* _TASK TO CARRY OUT_
With every picture left out, give the data below back exactly.

* _SUPPLIED RECORDS_
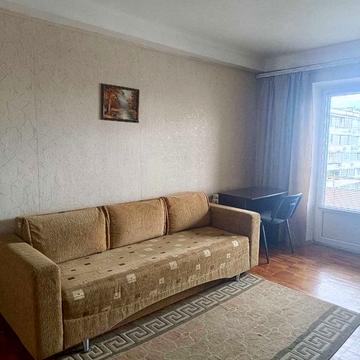 Амвросія Бучми бульв., 3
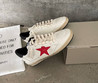 Женские кожаные кроссовки Golden Goose 2023-2024 белые с черным и красной звездой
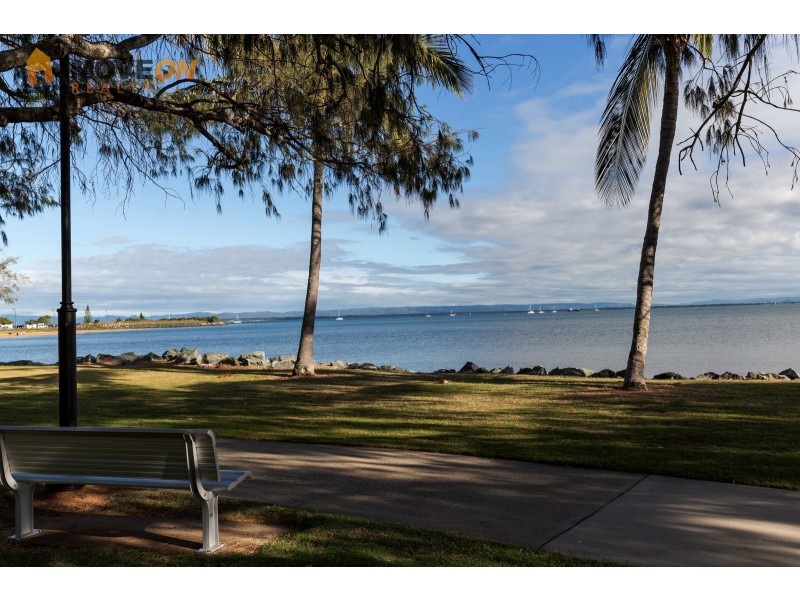 14 FOURTH AVE, Scarborough QLD 4020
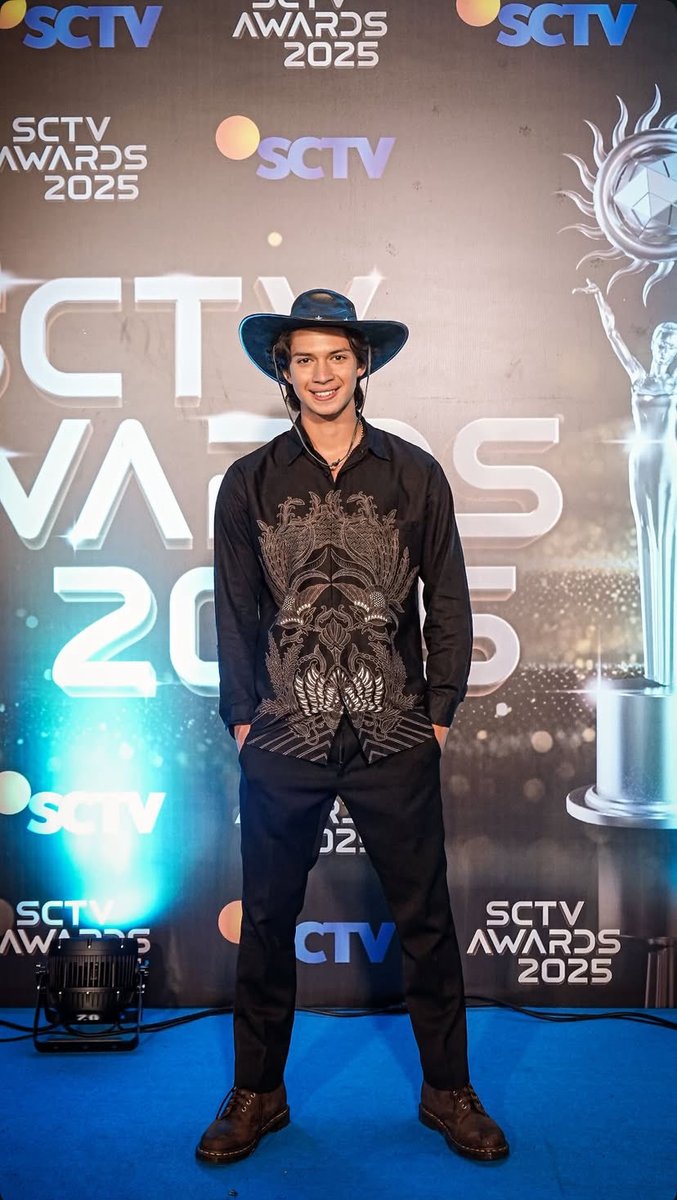 bismillah ya dekk🥹❤️

LET MOHAN SHINE
#AllowMohanAttend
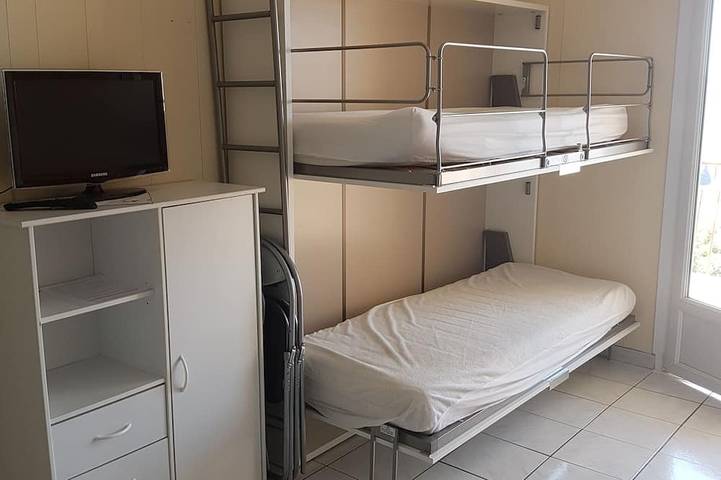 Entire apartment, Studio with sea view balcony for 4 pers. quiet with swimming pool, parking and cellar in Le Lavandou, Mediterranean Coast (France)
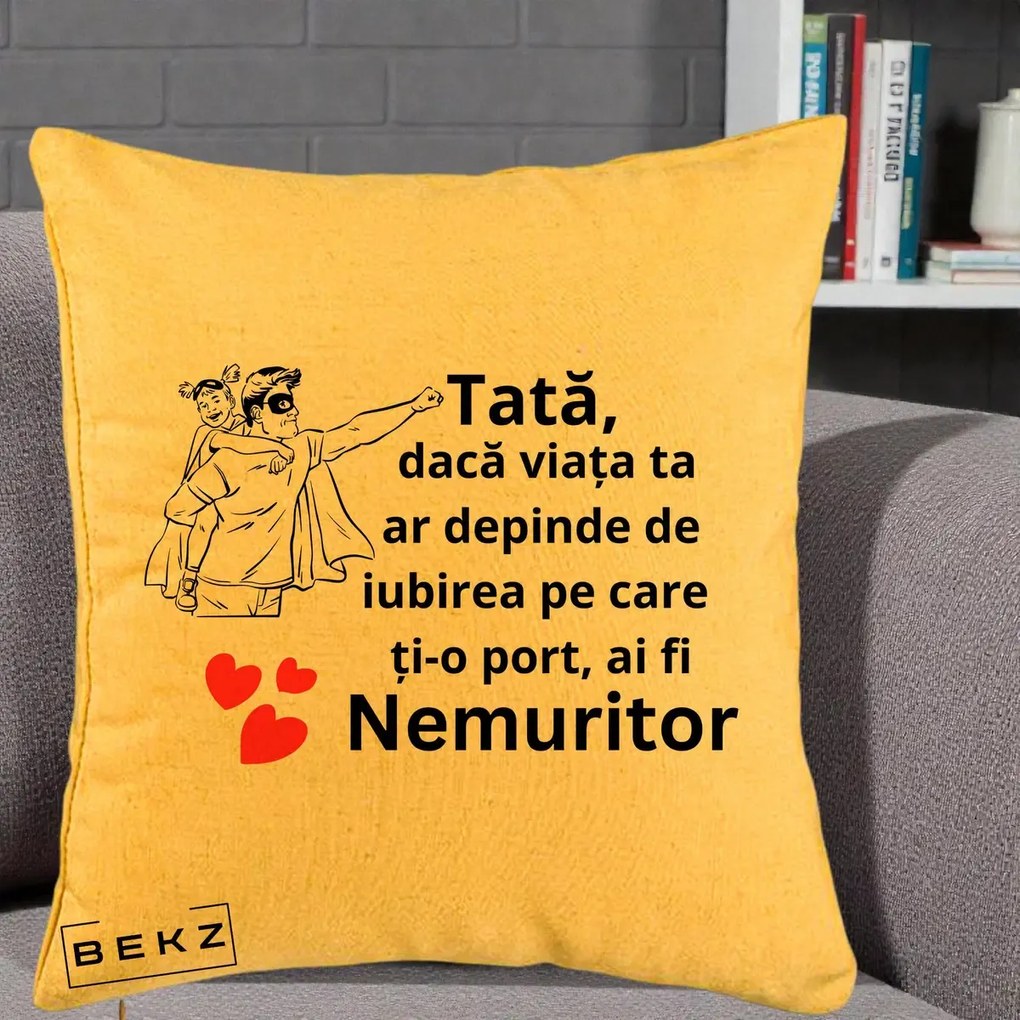 Cadou pentru Tata - Perna Personalizata Tata Nemuritor Supererou cu Masca, 40x40 cm, Galben, Husa Detasabila, Perna Inclusa, BEKZ®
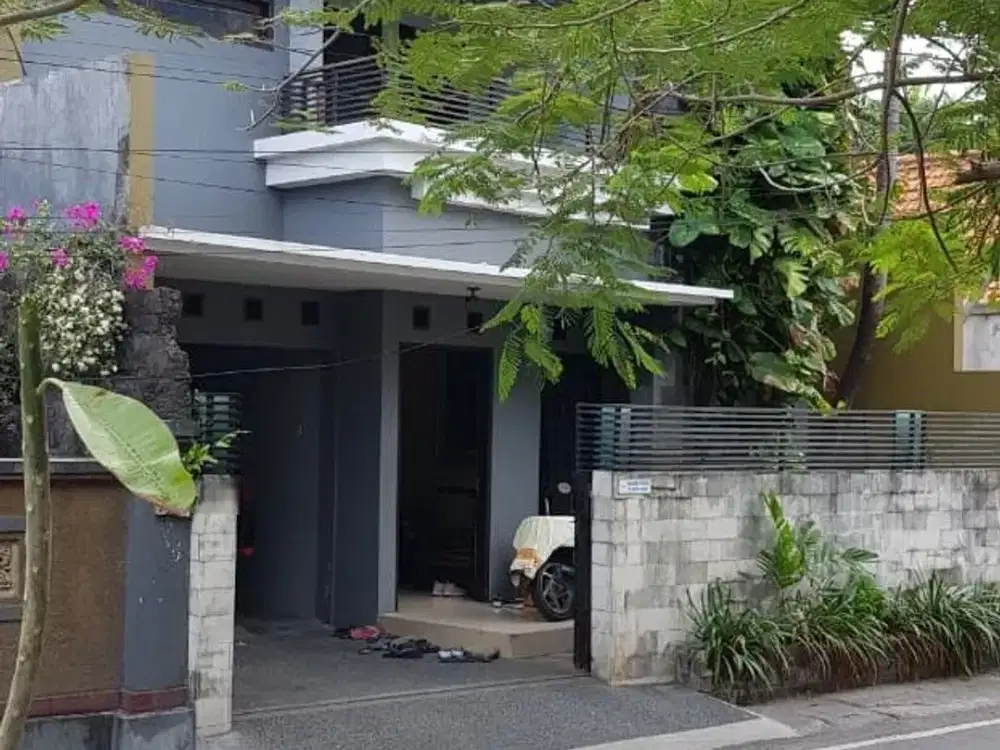 Jual Rumah 2 Lantai Semi Furnish Strategis Di Jln Tukad Yeh Aya Renon Denpasar Selatan Bali. Dekat Ke Plaza Renon, Sesetan, RS Sanglah, Sanur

* _YOUR SOLUTION_
 Амвросія Бучми бульв., 3
 Женские кожаные кроссовки Golden Goose 2023-2024 белые с черным и красной звездой
 14 FOURTH AVE, Scarborough QLD 4020
 bismillah ya dekk🥹❤️

LET MOHAN SHINE
#AllowMohanAttend
 Entire apartment, Studio with sea view balcony for 4 pers. quiet with swimming pool, parking and cellar in Le Lavandou, Mediterranean Coast (France)
 Cadou pentru Tata - Perna Personalizata Tata Nemuritor Supererou cu Masca, 40x40 cm, Galben, Husa Detasabila, Perna Inclusa, BEKZ®
 Jual Rumah 2 Lantai Semi Furnish Strategis Di Jln Tukad Yeh Aya Renon Denpasar Selatan Bali. Dekat Ke Plaza Renon, Sesetan, RS Sanglah, Sanur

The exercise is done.